Reid Barton (Dec 03 2021 at 17:26):

The second one is that there isn't even an "inverse-ness" relation between $\sigma$ and $\sigma^{-1}$ , because in order for $\sigma^{-1}$ to be an inverse to $\sigma$ you also have to say how it is an inverse. (This already happens at the level of 1-morphisms as well: an inverse of $f : x \to y$ is $g : y \to x$ together with some additional data; at a minimum, a 2-morphism $\alpha : gf \simeq 1$ .)

Reid Barton (Dec 03 2021 at 17:32):

The better way to think about this kind of question is to consider a space (i.e. simplicial set) of homotopies, say $H(f,g)$ , whose 0-simplices we can presumably arrange to be your 2-simplices $\sigma : f \to g$ , and also a space $I(f,g)$ consisting of triples $\sigma : f \to g$ , $\tau : g \to f$ , and coherence data that says that $\sigma$ and $\tau$ are inverse. Then construct a zigzag

$H(f,g) \xleftarrow{p_1} I(f,g) \xrightarrow{p_2} H(g,f)$

where $p_1$ and $p_2$ remember just $\sigma$ , respectively $\tau$ .

One then shows that $p_1$ and $p_2$ are acyclic Kan fibrations so that, if we want, we could choose a section $s_1$ of $p_1$ and consider the composite

$H(f,g) \xrightarrow{s_1} I(f,g) \xrightarrow{p_2} H(g,f)$

as a choice of your function " $(-)^{-1}$ ". However, there is nothing canonical about this choice.
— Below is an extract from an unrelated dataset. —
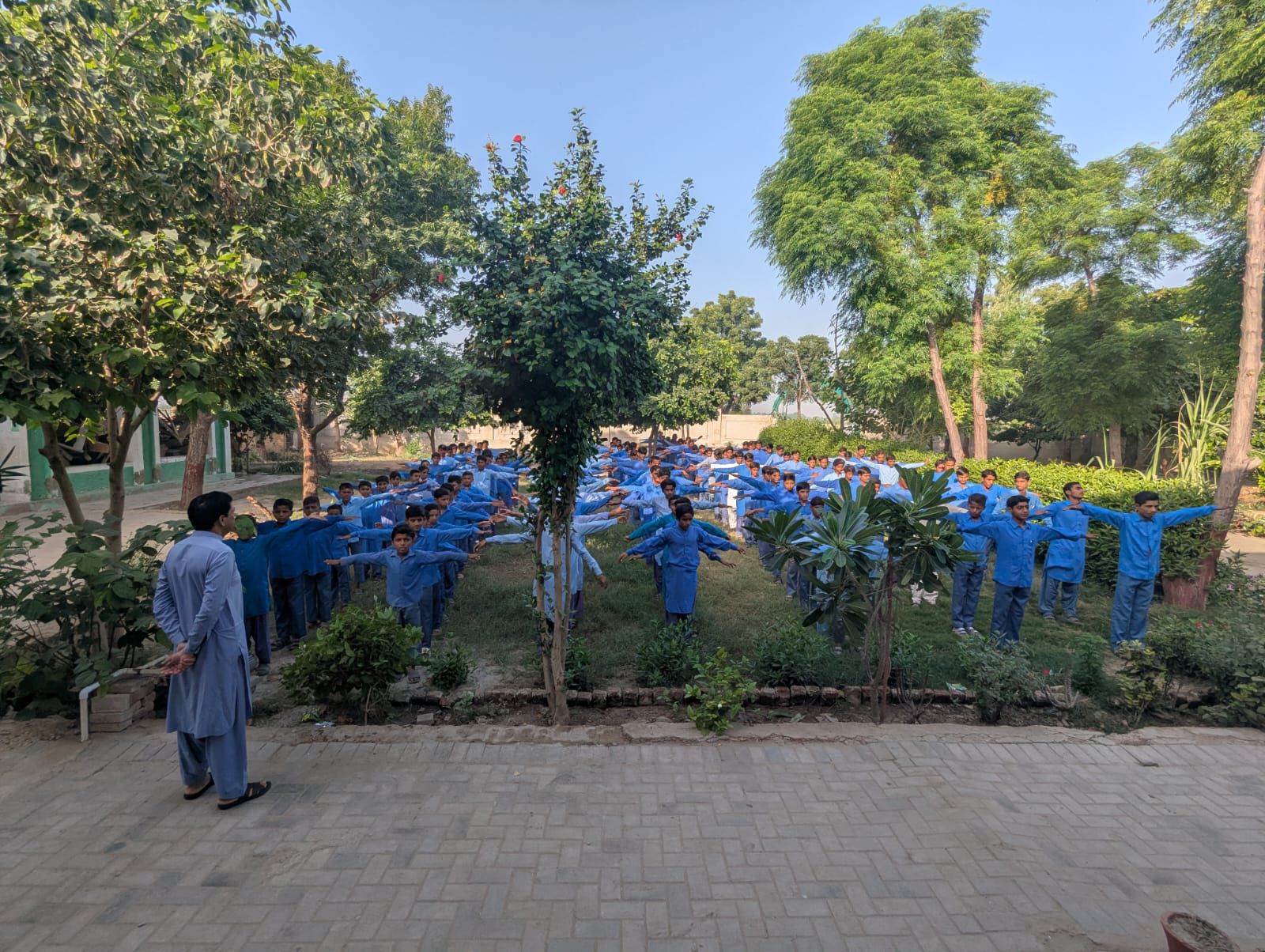 Govt Boys High School Allah Rakhio Kanhio, SBA | Nawabshah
The well-determined notion is the span.

Leopold Schlicht (Dec 04 2021 at 18:11):

Thanks!
But I guess one can define maps on equivalence classes:

$(-)^{-1}\colon \{\text{homotopies from }f\text{ to }g\text{ in }\mathcal C\}/\mathord{\simeq}\to\{\text{homotopies from }g\text{ to }f\text{ in }\mathcal C\}/\mathord{\simeq}$ and
$(-)^{\mathrm{op}}\colon\{\text{homotopies from }f\text{ to }g\text{ in }\mathcal C\}/\mathord{\simeq}\to\{\text{homotopies from }f\text{ to }g\text{ in }\mathcal C^{\mathrm{op}}\}/\mathord{\simeq}$ .
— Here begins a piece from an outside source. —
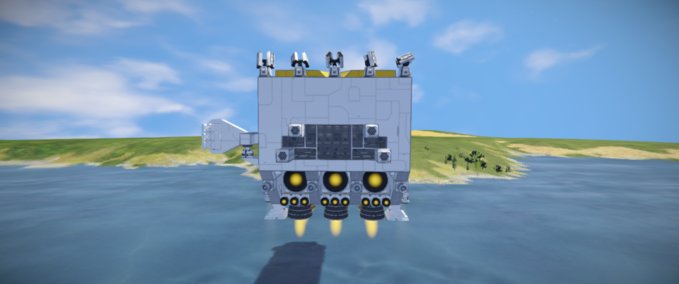 Blueprint SPACE 51 DER-LEO-LUTORIA =4= Space Engineers mod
Are both of these maps $(-)^{-1}$ and $(-)^{\mathrm{op}}$ bijections?

Leopold Schlicht (Dec 04 2021 at 18:16):

Also, can one construct an $\infty$ -category $\mathcal C$ in which there isn't a bijection
$\{\text{homotopies from }f\text{ to }g\text{ in }\mathcal C\}\cong\{\text{homotopies from }g\text{ to }f\text{ in }\mathcal C\}$
on the nose? As I said, for singular simplicial sets there should be such a bijection on the nose. That question is a bit artificial, but I'm curious nevertheless. (Same question in the other situation.)

Leopold Schlicht (Dec 17 2021 at 16:43):

Or are these questions again ill-defined? Then let me put it this way: Is the datum of a homotopy from $f$ to $g$ in $\mathcal C$ in some sense equivalent to the datum of a homotopy from $g$ to $f$ in $\mathcal C$ ? Also, is the datum of a homotopy from $f$ to $g$ in $\mathcal C^\mathrm{op}$ in some sense equivalent to the datum of a homotopy from $f$ to $g$ in $\mathcal C$ ? If yes, in which sense? If no, why not?